NCAA Still Keeps Bracket Selection A Secret
In this age of greater access through social media and TV cameras, sports fans are given a peek of what happens behind the scenes more than ever before. But to get a peek inside the meeting rooms of the NCAA Division I men’s basketball committee is another story. Access before the 68-team bracket is unveiled on Selection Sunday is unlikely anytime soon.
Beauty marks and warts
It dates back to the 1980s and 90s when the committee met in Kansas City at what was then the Hyatt Hotel. The top level of the hotel, the 40th floor, was under tight security as it is this week at the downtown Conrad hotel in Indianapolis.

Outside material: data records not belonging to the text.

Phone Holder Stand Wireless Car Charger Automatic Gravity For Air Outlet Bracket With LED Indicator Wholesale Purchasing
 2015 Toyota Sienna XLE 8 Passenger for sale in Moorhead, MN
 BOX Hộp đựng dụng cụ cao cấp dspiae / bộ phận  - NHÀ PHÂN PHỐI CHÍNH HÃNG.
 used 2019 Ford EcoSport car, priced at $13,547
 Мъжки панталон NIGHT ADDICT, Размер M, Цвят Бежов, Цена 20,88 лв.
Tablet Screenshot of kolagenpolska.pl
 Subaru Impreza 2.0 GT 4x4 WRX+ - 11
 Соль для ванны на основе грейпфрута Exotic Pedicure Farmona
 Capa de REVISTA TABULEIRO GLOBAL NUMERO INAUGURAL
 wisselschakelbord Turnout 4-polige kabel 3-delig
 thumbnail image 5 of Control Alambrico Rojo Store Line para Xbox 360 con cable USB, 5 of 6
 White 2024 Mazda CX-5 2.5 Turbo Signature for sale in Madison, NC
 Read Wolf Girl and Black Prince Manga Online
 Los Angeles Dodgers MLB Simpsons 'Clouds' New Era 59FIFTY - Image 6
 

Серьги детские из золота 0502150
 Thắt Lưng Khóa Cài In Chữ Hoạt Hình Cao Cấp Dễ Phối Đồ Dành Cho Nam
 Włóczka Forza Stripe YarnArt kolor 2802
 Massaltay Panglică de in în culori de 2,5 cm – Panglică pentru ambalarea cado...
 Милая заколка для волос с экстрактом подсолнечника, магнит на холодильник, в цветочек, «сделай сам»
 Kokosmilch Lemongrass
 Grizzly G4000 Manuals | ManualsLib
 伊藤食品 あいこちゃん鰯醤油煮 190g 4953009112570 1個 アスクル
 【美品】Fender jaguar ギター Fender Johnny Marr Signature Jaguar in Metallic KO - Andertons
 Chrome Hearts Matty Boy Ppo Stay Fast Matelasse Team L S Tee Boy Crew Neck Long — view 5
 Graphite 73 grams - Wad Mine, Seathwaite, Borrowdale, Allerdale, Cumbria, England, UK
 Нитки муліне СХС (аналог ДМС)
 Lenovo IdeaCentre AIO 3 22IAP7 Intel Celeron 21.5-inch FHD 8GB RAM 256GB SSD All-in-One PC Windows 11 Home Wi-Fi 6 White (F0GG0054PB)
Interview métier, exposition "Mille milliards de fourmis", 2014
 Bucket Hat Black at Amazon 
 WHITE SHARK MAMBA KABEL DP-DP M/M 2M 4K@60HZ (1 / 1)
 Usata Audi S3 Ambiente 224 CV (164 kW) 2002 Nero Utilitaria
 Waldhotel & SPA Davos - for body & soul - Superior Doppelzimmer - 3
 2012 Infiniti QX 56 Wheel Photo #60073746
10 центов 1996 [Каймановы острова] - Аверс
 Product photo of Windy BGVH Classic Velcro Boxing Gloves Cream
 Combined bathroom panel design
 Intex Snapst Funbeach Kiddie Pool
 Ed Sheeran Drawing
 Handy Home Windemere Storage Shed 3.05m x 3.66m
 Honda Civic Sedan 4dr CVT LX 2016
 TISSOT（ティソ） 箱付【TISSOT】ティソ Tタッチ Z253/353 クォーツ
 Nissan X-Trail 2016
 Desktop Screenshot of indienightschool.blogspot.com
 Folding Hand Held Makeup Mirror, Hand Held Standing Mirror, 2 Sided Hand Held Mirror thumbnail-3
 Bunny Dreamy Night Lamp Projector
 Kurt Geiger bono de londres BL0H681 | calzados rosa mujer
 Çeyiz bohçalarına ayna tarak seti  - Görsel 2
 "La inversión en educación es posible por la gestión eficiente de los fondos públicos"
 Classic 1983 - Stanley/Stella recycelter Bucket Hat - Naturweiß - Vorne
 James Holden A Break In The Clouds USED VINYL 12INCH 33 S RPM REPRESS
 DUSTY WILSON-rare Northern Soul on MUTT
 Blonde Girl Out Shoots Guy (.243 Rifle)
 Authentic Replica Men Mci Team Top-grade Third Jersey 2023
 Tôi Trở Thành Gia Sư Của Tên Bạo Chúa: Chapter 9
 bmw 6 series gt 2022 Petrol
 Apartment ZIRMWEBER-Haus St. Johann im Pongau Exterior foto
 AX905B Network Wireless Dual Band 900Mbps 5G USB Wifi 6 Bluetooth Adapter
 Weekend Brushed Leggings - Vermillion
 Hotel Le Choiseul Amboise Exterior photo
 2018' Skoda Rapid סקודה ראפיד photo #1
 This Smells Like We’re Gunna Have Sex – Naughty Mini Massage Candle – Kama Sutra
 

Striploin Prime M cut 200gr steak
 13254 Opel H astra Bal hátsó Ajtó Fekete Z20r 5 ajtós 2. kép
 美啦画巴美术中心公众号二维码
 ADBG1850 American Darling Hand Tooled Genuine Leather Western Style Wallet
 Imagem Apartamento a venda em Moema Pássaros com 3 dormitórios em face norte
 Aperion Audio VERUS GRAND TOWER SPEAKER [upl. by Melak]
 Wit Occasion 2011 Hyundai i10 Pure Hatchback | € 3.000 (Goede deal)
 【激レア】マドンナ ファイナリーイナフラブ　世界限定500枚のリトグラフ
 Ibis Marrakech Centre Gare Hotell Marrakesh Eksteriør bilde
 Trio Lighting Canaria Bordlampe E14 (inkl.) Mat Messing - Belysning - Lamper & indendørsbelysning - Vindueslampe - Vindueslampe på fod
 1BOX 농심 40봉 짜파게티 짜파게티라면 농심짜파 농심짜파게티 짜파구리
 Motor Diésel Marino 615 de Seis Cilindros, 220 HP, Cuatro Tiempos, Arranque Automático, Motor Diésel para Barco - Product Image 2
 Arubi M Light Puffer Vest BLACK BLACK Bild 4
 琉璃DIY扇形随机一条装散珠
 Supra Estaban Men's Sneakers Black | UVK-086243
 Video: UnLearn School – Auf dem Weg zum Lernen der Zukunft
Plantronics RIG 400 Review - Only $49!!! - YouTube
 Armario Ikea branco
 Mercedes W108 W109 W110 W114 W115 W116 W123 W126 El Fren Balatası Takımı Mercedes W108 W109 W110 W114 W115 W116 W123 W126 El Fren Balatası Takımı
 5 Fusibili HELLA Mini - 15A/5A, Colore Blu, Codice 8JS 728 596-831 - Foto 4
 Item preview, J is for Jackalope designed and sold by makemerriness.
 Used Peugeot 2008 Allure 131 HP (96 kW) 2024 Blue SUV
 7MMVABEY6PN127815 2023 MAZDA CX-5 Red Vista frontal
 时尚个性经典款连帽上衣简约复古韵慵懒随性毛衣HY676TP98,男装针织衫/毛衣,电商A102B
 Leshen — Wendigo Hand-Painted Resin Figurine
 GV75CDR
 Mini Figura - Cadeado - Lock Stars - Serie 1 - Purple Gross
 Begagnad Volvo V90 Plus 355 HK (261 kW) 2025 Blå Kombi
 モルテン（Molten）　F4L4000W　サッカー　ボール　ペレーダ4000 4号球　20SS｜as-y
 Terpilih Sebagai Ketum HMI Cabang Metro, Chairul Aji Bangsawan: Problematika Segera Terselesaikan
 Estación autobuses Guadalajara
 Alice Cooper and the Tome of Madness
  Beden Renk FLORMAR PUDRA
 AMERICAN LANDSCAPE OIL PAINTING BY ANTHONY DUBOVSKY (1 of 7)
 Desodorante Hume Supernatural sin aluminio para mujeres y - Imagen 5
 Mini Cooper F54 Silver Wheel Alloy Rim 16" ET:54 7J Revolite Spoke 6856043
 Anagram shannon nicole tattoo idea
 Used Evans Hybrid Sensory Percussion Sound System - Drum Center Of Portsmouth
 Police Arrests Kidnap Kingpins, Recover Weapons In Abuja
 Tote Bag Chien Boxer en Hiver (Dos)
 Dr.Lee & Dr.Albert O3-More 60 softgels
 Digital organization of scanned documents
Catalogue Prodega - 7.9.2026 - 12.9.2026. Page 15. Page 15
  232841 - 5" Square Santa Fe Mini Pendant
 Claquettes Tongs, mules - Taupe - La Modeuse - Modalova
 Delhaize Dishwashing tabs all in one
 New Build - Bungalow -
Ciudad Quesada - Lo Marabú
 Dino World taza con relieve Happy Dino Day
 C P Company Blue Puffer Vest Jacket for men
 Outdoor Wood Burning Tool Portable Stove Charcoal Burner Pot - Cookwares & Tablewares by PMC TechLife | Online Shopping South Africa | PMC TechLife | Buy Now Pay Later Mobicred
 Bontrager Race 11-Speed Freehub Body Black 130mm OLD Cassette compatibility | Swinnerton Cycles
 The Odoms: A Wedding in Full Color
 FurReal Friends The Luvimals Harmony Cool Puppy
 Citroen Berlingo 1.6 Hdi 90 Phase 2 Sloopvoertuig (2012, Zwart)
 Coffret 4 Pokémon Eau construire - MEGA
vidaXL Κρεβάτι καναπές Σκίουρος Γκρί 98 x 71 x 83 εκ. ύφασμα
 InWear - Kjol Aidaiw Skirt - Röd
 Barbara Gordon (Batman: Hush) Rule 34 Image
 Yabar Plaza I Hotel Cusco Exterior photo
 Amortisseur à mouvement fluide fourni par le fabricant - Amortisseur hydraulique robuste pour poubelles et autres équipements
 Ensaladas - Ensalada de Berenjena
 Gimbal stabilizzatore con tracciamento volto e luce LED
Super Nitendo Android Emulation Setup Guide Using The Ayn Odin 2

Until the tournament bracket is revealed, experts and fans alike are left guessing based on the committee’s criteria. Even teams on the bubble are left wondering.
In 1998, C.M. Newton was the committee chairman. He commented then on the teams in contention to make the field.
“Each of them will have beauty marks and warts and what you try to do is point out both,” Newton said. “I guess the team with the most beauty marks is the one that gets in.”
Newton broke the hearts of University of Missouri fans that year when the Tigers were left out.
“I think the thing that probably worked against Missouri, one of their warts, was the fact that they didn’t win any games away from home,” said Newton.
The same thing might keep Missouri out of the NCAA tournament this year. But, again, that’s only a calculated guess.
Attempts at transparency
Kirk Wessler, president of the U.S. Basketball Writers Association, says the idea of an appointed pool reporter inside the meetings has been discussed.
“I have talked to some people on the committee who, while guarded, they say, ‘Well, if we can find a way, they say, yeah, they’d be open to speaking about it,’” says Wessler. “That’s our challenge as reporters and basketball writers to keep the doors open, push the door a little wider and keep working.”
As a statistics coordinator for the NCAA, Gary Johnson sits in on the committee meetings. He believes public access to the meetings will stifle opinions.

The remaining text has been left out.